The start_instance.py script has been updated to write the node classification information when it creates the instance file in the S3 bucket. That information is actually set in the start_instance.yaml file under the node key. All of the node classification information expected by the puppetmaster from the external node classifier script is set under the node key in start_instance.yaml. See the puppet external node documentation for more information on the information that can be provided by the external node script.

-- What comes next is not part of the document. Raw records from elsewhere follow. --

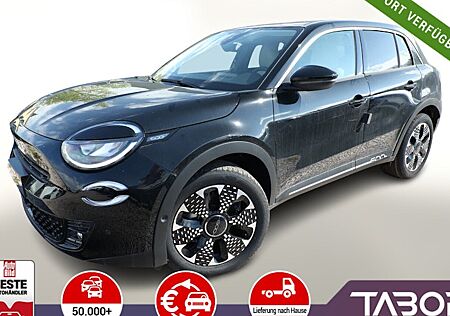 Fiat Andere 1.2 Hybrid T3 100 kW 5 Türen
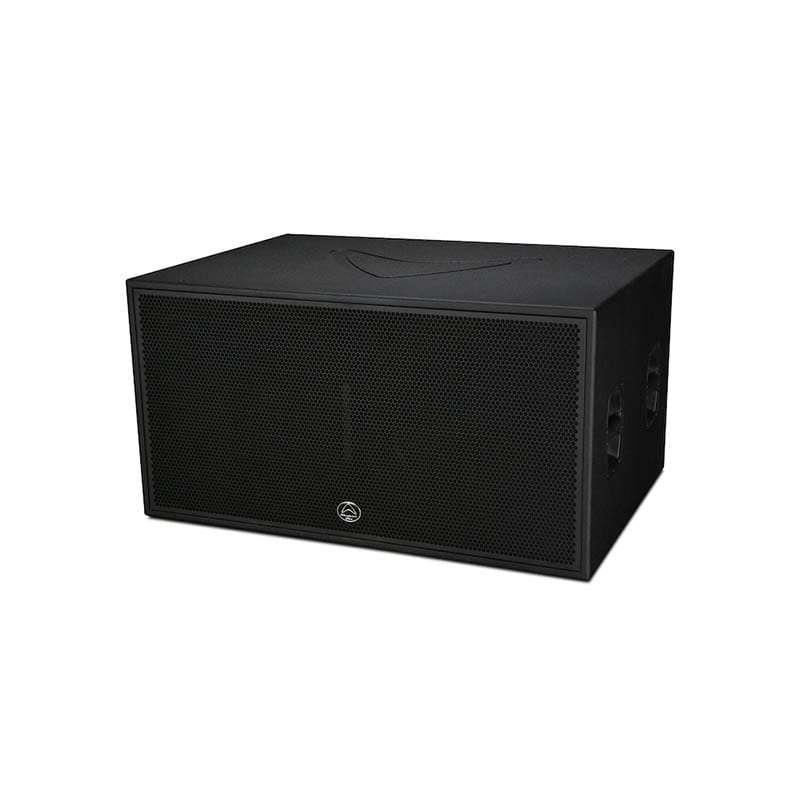 Wharfedale WLA218SUB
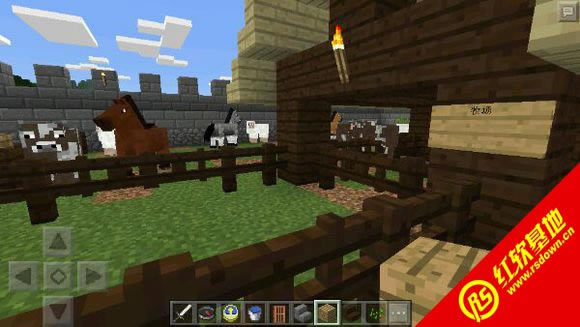 ҵ1.7.10ɽȫ59MODϰ ҵ1.7.10ɽȫ59MODϰϷվ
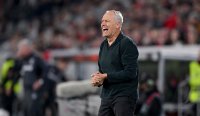 FUSSBALL EUROPA LEAGUE 23/24: SC Freiburg - West Ham United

Review the start_instance.yaml file to make sure the S3 bucket name, the puppetmaster server IP and CA certificate are still valid for your own setup.

Start an instance:

./start_instance.py -c start_instance.yaml AMI_NUMBER

Following /var/log/syslog you should see something similar to this:

Apr 7 19:15:37 domU-12-31-39-07-D6-52 puppetmasterd[1644]: 77ad2a3c-5d52-4ca7-9fea-b99b767b09d0 has a waiting certificate request

The instance has booted and registered with the puppetmaster.

Apr 7 19:16:01 domU-12-31-39-07-D6-52 CRON[2188]: (root) CMD (/usr/local/bin/check_csr --log-level=debug https://mathiaz-puppet-nodes-1.s3.amazonaws.com)
Apr 7 19:16:02 domU-12-31-39-07-D6-52 check_csr[2189]: DEBUG: List of waiting csr: 77ad2a3c-5d52-4ca7-9fea-b99b767b09d0
Apr 7 19:16:02 domU-12-31-39-07-D6-52 check_csr[2189]: DEBUG: Checking 77ad2a3c-5d52-4ca7-9fea-b99b767b09d0
Apr 7 19:16:02 domU-12-31-39-07-D6-52 check_csr[2189]: DEBUG: Checking url https://mathiaz-puppet-nodes-1.s3.amazonaws.com/77ad2a3c-5d52-4ca7-9fea-b99b767b09d0
Apr 7 19:16:03 domU-12-31-39-07-D6-52 check_csr[2189]: INFO: Signing request: 77ad2a3c-5d52-4ca7-9fea-b99b767b09d0

The puppetmaster checked if the client request is expected and signs it.

Apr 7 19:17:39 domU-12-31-39-07-D6-52 node_classifier[2240]: DEBUG: Checking url https://mathiaz-puppet-nodes-1.s3.amazonaws.com/77ad2a3c-5d52-4ca7-9fea-b99b767b09d0
Apr 7 19:17:39 domU-12-31-39-07-D6-52 node_classifier[2240]: INFO: Getting node configuration: 77ad2a3c-5d52-4ca7-9fea-b99b767b09d0
Apr 7 19:17:39 domU-12-31-39-07-D6-52 node_classifier[2240]: DEBUG: Node configuration (77ad2a3c-5d52-4ca7-9fea-b99b767b09d0): classes: [login-allowed]
Apr 7 19:17:39 domU-12-31-39-07-D6-52 puppetmasterd[1644]: Compiled catalog for 77ad2a3c-5d52-4ca7-9fea-b99b767b09d0 in 0.01 seconds

The puppetmaster compiled a manifest for the client according to the information provided by the node classifier script.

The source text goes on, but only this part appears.